MUCH OF THE SNOW from the blizzard of '96 has melted, but local governments across the area are still dealing with the aftermath of this month's storms. Public works chiefs are attempting to rebutt charges they failed to adequately plow the streets, while budget directors are trying to find money to cover the extraordinary costs.

Judging the quality of the road-clearing seems to depend on the eye of the beholder. Every jurisdiction had complaints, although few matched the dissatisfaction of one Walter S. Davison. The Carroll County resident is alleged to have attacked a plow driver with a shovel who had plowed shut Mr. Davison's freshly cleaned driveway Jan. 12. He was charged with malicious destruction, assault and battery.

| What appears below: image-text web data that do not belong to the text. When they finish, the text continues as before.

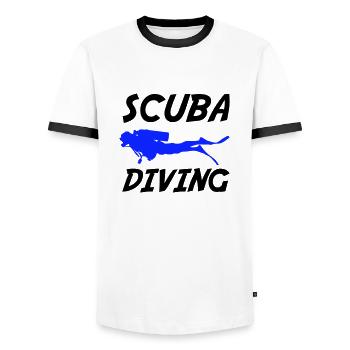 Scuba Diving - Men's Ringer Shirt - white/black - Front - AI Model Female 172 light (172cm) & AI Model Male 178 dark (178cm)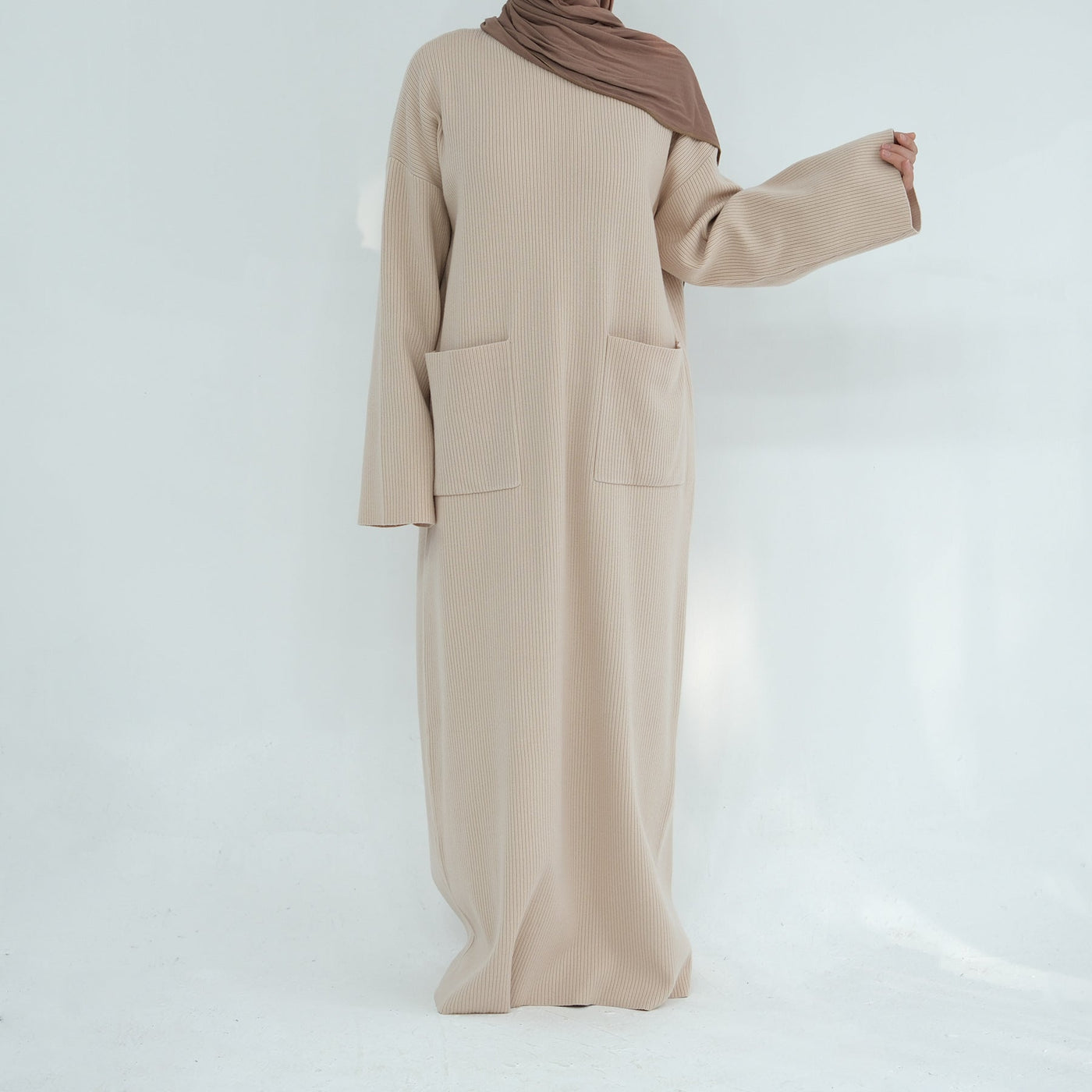 LM227 Winter Abaya with Pockets – Belted Long Sleeve Modest Dress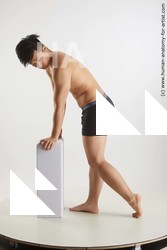 Underwear Man White Standing poses - ALL Slim Short Standing poses - bend over Black Standard Photoshoot Academic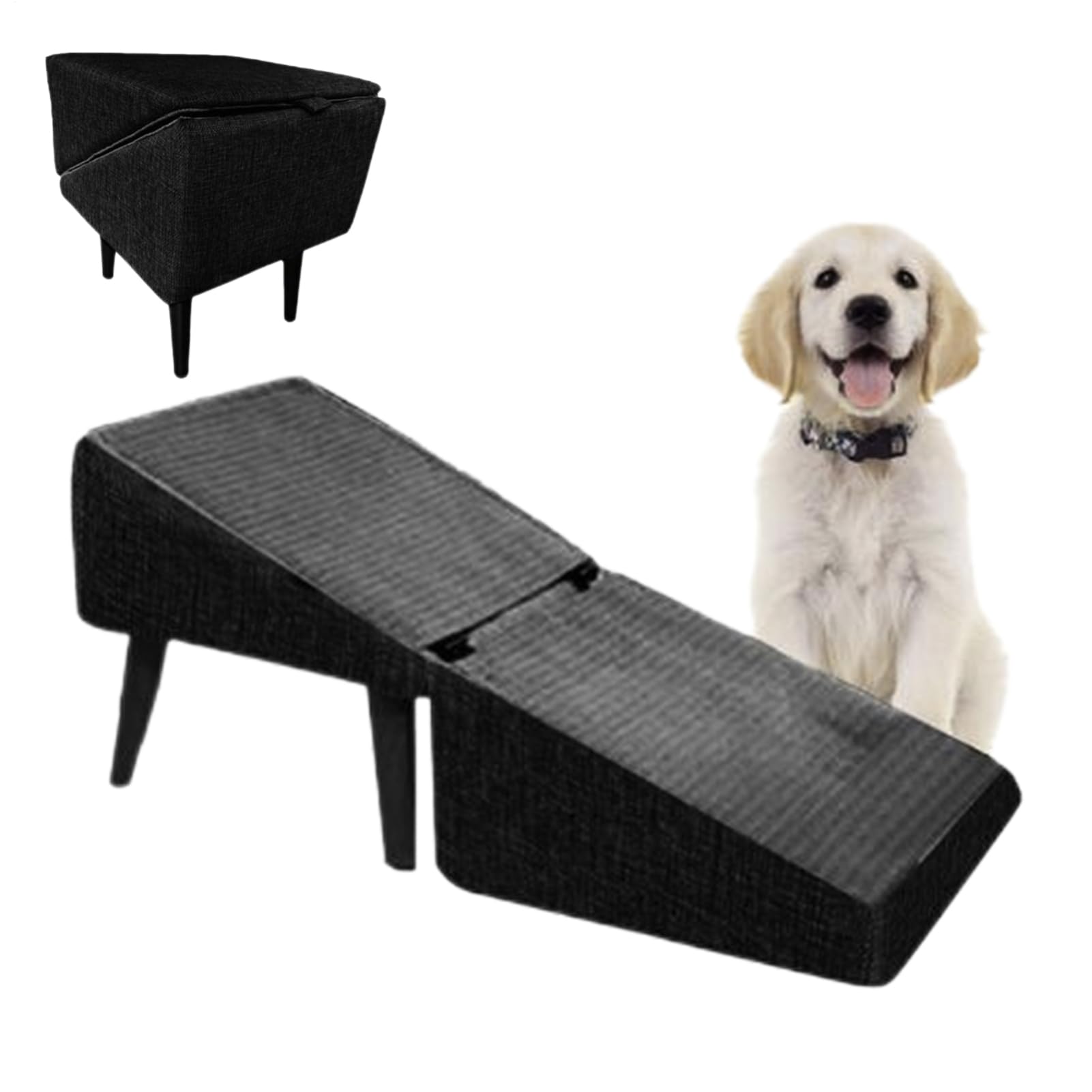 Rampa para Perros En Dos Partes, Plegables Escaleras para Perros Pequeños, Escalones 2 En 1 para Mascotas, Taburete Antideslizante para Mascotas, Rampa para Sofá, Cama, Silla Y Coche(Negro)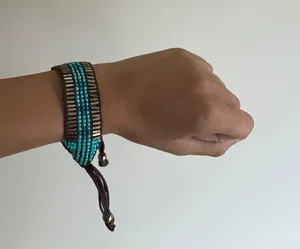 Teal Beaded Bracelet Blue thumbnail 1
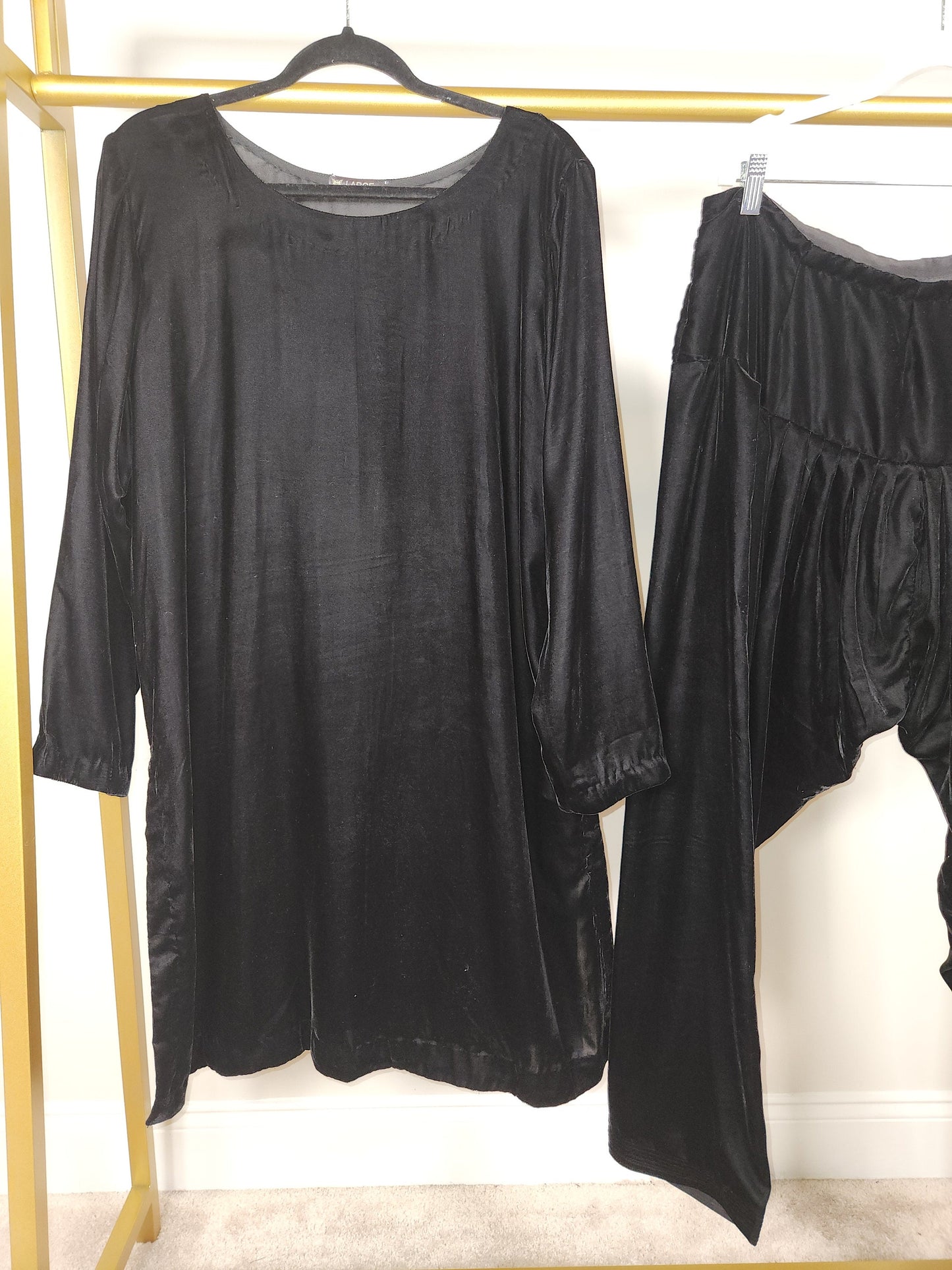 Solid black velvet shirt and pant. 2 pc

Judging the snow removal efforts is a squishy science. Not so nebulous are the $65 million-plus in bills coming due for what has been called Maryland's most expensive storm on record. All area governments have applied for federal assistance. They will be notified in a month or so about how much they will receive.

We were intrigued by a compilation in this newspaper of what the various jurisdictions spent per mile: Baltimore County, $796; Baltimore, $800; Anne Arundel, $1,225; Howard, $1,247; Carroll, $1,387; Harford, $2,947.

We're still not sure if that meant Harford did three times as good a job as the city, or was three times less efficient. However, even suburban public works directors acknowledge that the city's job is made tougher by virtue of street grids and having less open space to push snow.

Another county official suggests per-capita costs might be a better measure of the snow removal value: Baltimore County, $2.79; Anne Arundel, $4.26; Baltimore, $4.61; Howard, $4.85; Carroll, $9.30; Harford, $13.39. Harford's still high, although most residents would agree that spending a few bucks per head to free their neighborhoods was worth it.

With nearly seven more weeks of winter remaining, the counties' battle with the snow is only partly over. The calendar (not to mention the venerable Hagers-Town Town & Country Almanack) says it's too early for county officials to record their budget adjustments in ink, or to think they have heard the last of complaints on snow removal.